───── EXCERPTED RECORDS
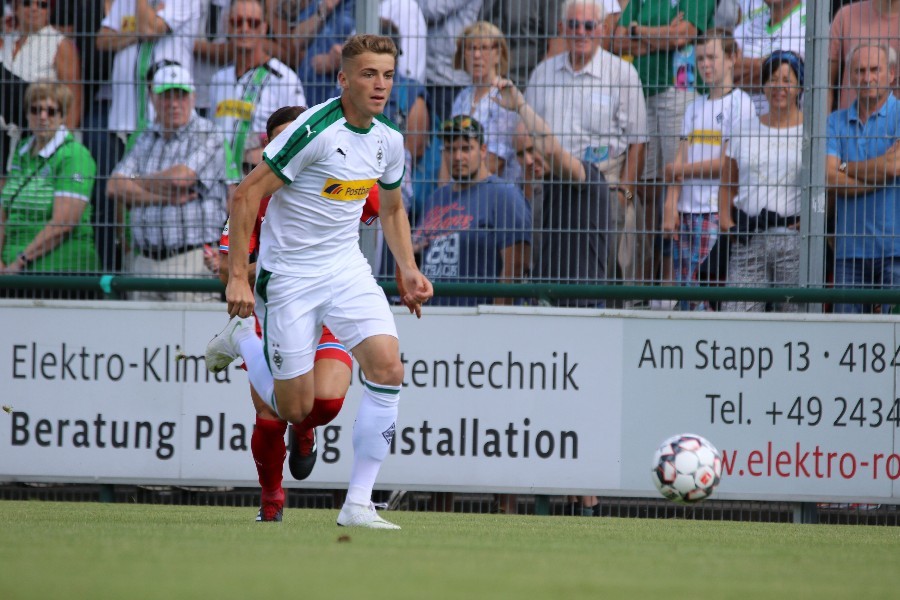 Borussia Mönchengladbach- Espanyol Barcelona (2018/19)_2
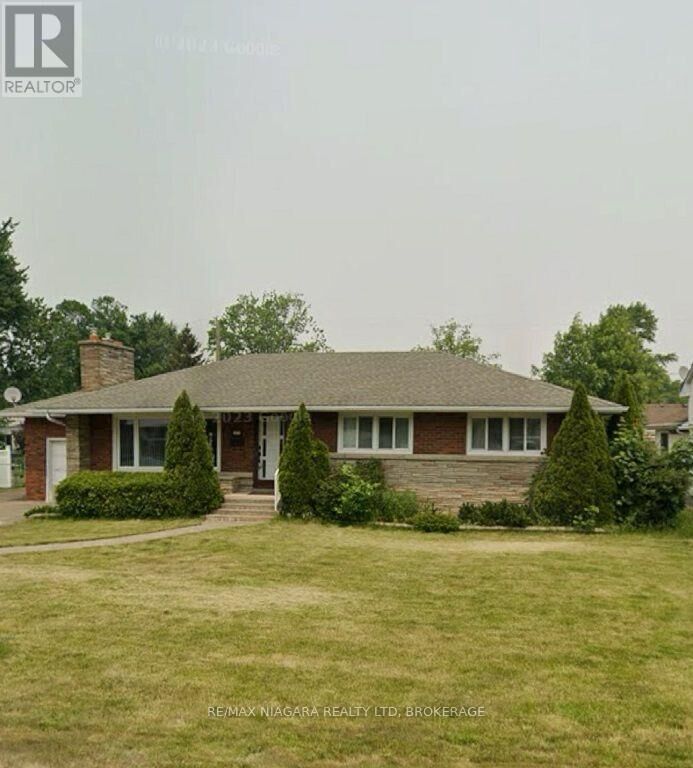 Property Photo:  67 Springfield Street  ON L3B 5M1 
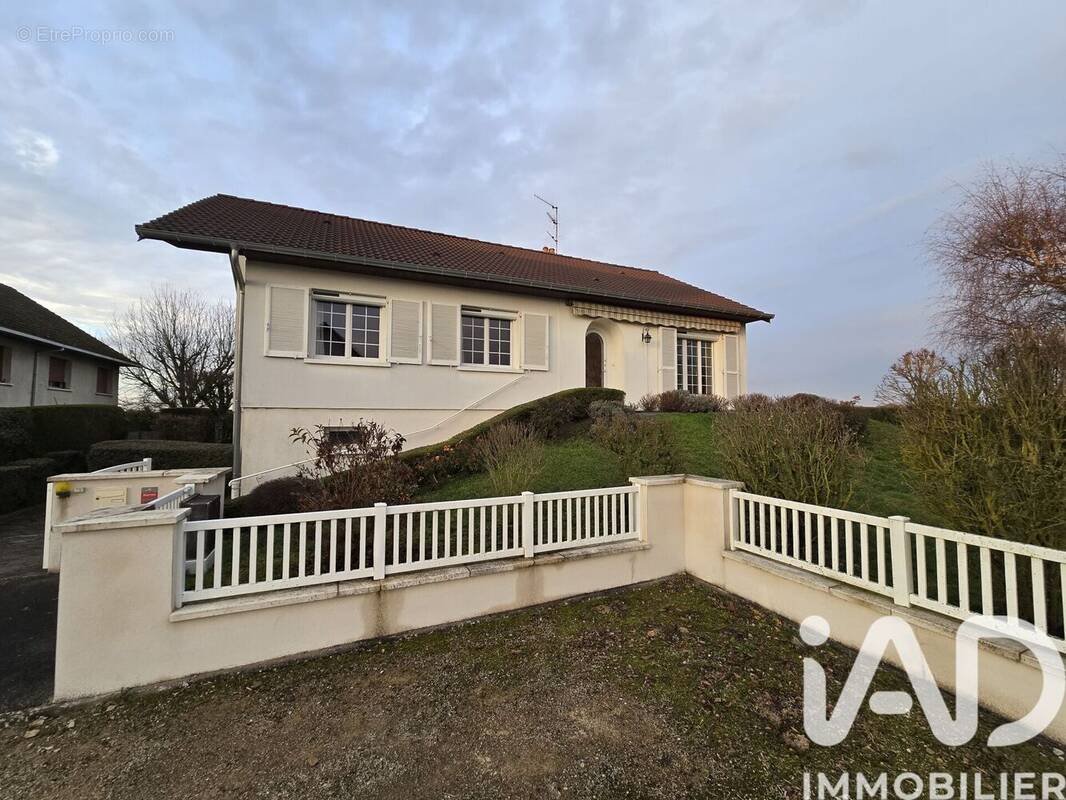 Photo 1 - Maison à VAROIS-ET-CHAIGNOT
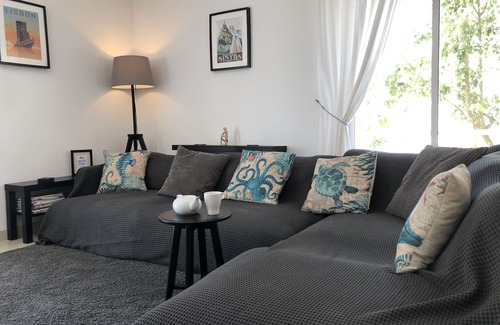 Foz do Arelho Villa | Privater Garten & Pool, Foz Zentrum, Strand zu Fuß, Blick auf die Lagune, stilvolle Villa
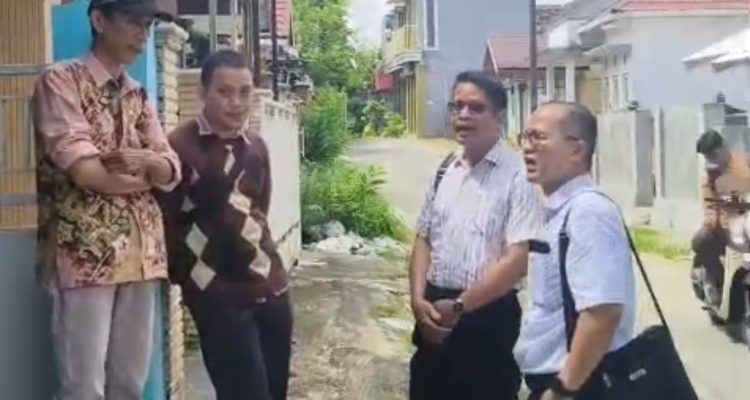 4 Orang Berpakaian Necis Hebohkan Warga Banjarbaru
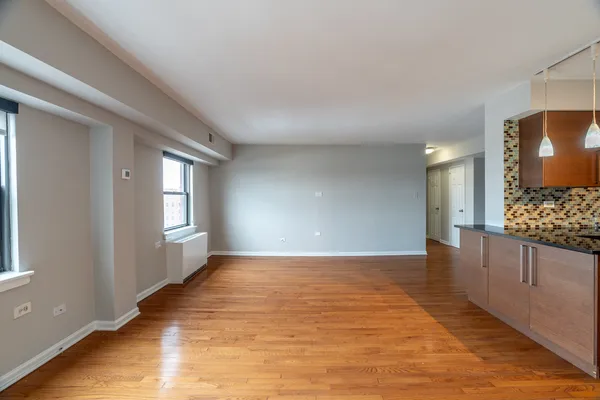 $2,750 | 5815 North Sheridan Road, Unit PH2, Chicago, IL 60660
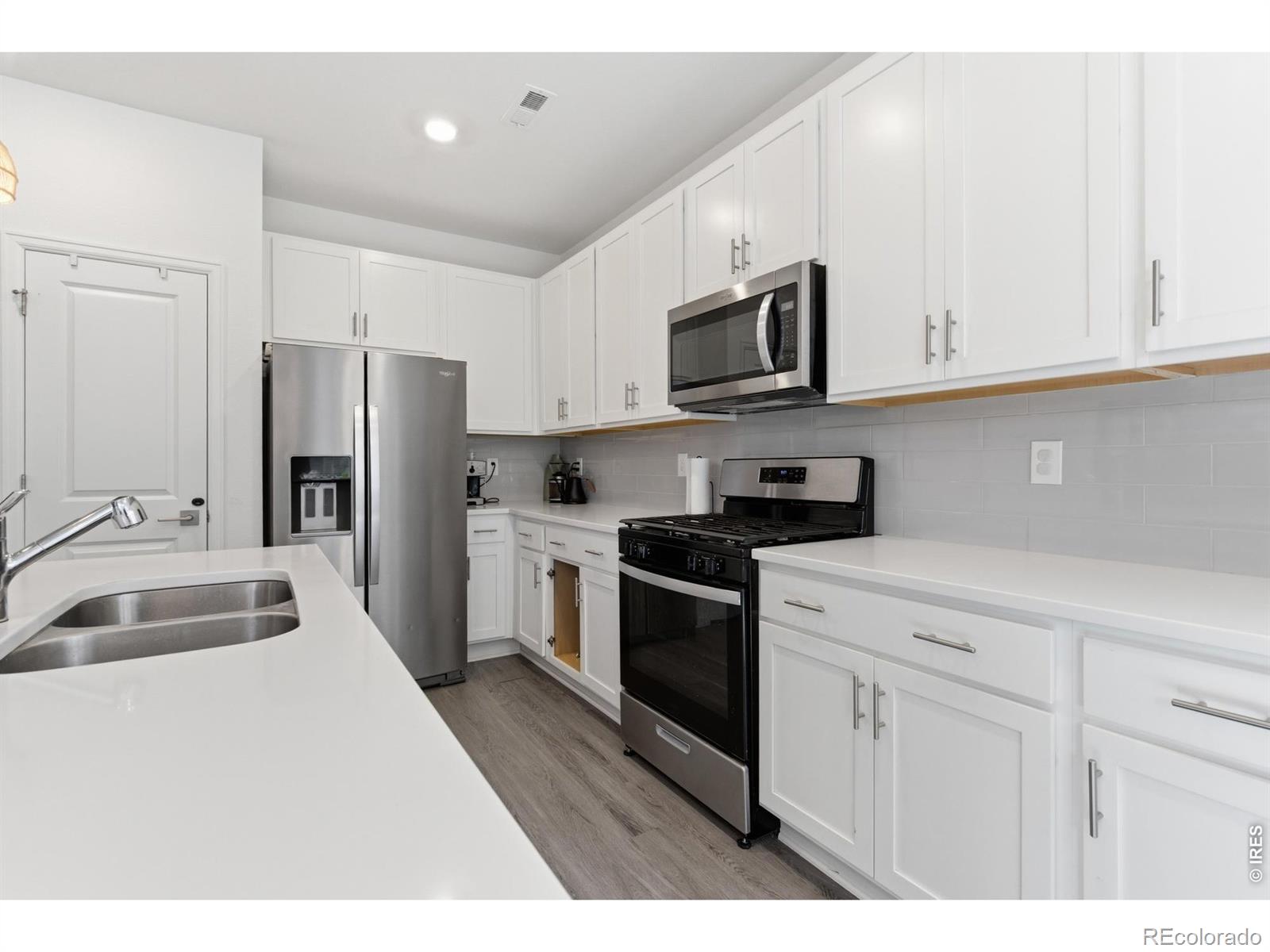 MLS Image #4 for 1928  rosen drive,fort collins, Colorado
──────────
EXERCISE DESCRIPTION:
When you copy the records above, keep every word exact but leave out the pictures.

ANSWER SPACE:
 Borussia Mönchengladbach- Espanyol Barcelona (2018/19)_2
 Property Photo:  67 Springfield Street  ON L3B 5M1 
 Photo 1 - Maison à VAROIS-ET-CHAIGNOT
 Foz do Arelho Villa | Privater Garten & Pool, Foz Zentrum, Strand zu Fuß, Blick auf die Lagune, stilvolle Villa
 4 Orang Berpakaian Necis Hebohkan Warga Banjarbaru
 $2,750 | 5815 North Sheridan Road, Unit PH2, Chicago, IL 60660
 MLS Image #4 for 1928  rosen drive,fort collins, Colorado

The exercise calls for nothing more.